→ **WORK REQUIRED**: Your task is to transcribe the data exactly while omitting each picture.

→ **SUPPLIED DATA**:
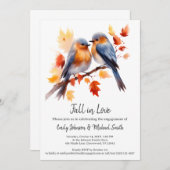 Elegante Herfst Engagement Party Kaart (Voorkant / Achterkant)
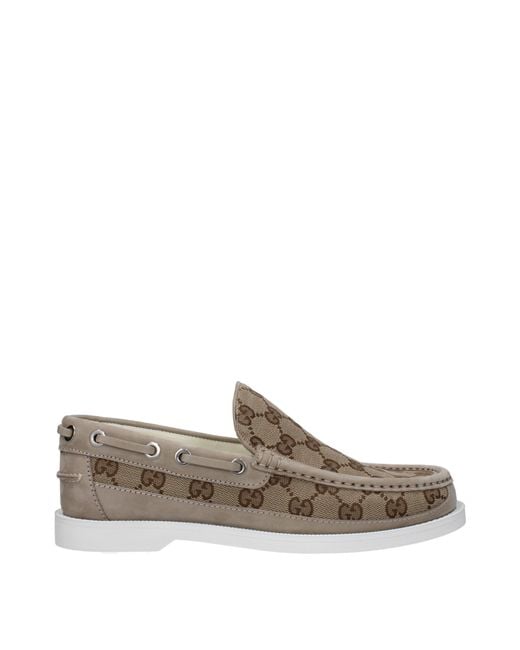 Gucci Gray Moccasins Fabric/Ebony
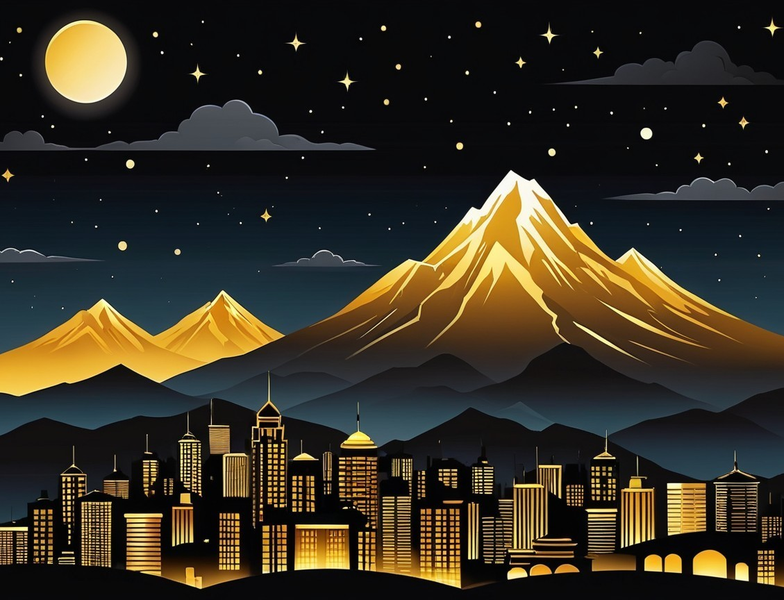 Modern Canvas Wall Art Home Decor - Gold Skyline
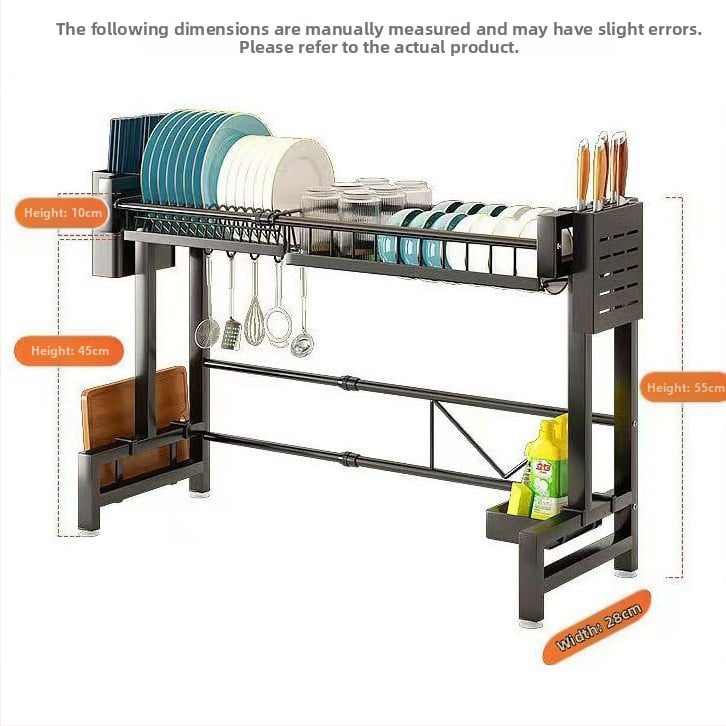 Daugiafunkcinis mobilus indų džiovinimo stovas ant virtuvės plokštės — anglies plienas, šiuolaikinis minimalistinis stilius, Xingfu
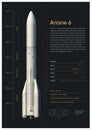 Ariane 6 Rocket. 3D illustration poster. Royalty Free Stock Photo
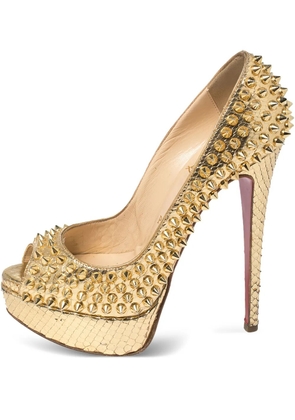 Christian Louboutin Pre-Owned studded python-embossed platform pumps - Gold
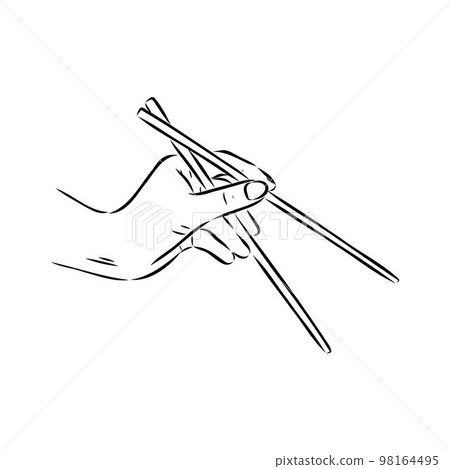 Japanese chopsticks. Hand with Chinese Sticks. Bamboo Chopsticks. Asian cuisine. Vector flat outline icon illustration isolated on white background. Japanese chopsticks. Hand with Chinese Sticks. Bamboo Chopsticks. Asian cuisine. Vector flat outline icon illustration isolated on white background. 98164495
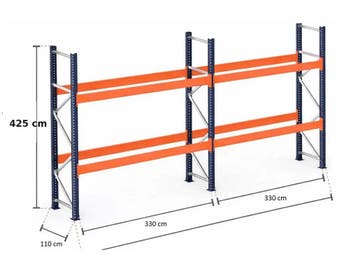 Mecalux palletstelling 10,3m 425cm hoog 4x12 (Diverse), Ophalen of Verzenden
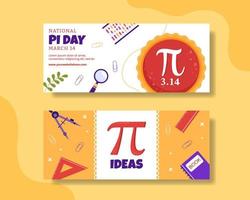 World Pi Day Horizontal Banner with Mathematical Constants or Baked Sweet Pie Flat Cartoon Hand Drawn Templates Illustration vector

→ **OUTPUT FOR THIS EXERCISE**:
 Elegante Herfst Engagement Party Kaart (Voorkant / Achterkant)
 Gucci Gray Moccasins Fabric/Ebony
 Modern Canvas Wall Art Home Decor - Gold Skyline
 Daugiafunkcinis mobilus indų džiovinimo stovas ant virtuvės plokštės — anglies plienas, šiuolaikinis minimalistinis stilius, Xingfu
 Ariane 6 Rocket. 3D illustration poster. Royalty Free Stock Photo
 Christian Louboutin Pre-Owned studded python-embossed platform pumps - Gold
 Japanese chopsticks. Hand with Chinese Sticks. Bamboo Chopsticks. Asian cuisine. Vector flat outline icon illustration isolated on white background. Japanese chopsticks. Hand with Chinese Sticks. Bamboo Chopsticks. Asian cuisine. Vector flat outline icon illustration isolated on white background. 98164495
 Mecalux palletstelling 10,3m 425cm hoog 4x12 (Diverse), Ophalen of Verzenden
 World Pi Day Horizontal Banner with Mathematical Constants or Baked Sweet Pie Flat Cartoon Hand Drawn Templates Illustration vector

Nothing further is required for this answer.